■ **THE TASK**
The expected output is every line of the data exactly as shown, minus the images.

■ **GIVEN INFORMATION**

:::

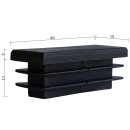 Kunststoffkappen rechteckig 4 Stück Rechteckrohr 40 x 15 x 2 mm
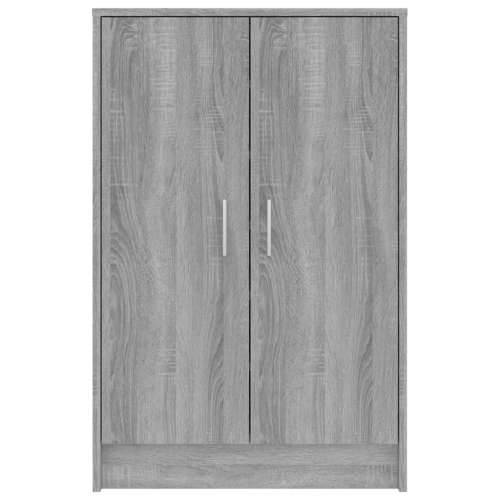 Ormarić za cipele sivi hrast 60 x 35 x 92 cm konstruirano drvo - Sivi hrast sonoma 60 x 35 x 92 cm 1 shoe cabinet with door Cijena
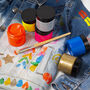 Eco Friendly Fabric Inks Neon Pink, Yellow, Orange, thumbnail 2 of 12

:::

■ **YOUR SOLUTION**
 Kunststoffkappen rechteckig 4 Stück Rechteckrohr 40 x 15 x 2 mm
 Ormarić za cipele sivi hrast 60 x 35 x 92 cm konstruirano drvo - Sivi hrast sonoma 60 x 35 x 92 cm 1 shoe cabinet with door Cijena
 Eco Friendly Fabric Inks Neon Pink, Yellow, Orange, thumbnail 2 of 12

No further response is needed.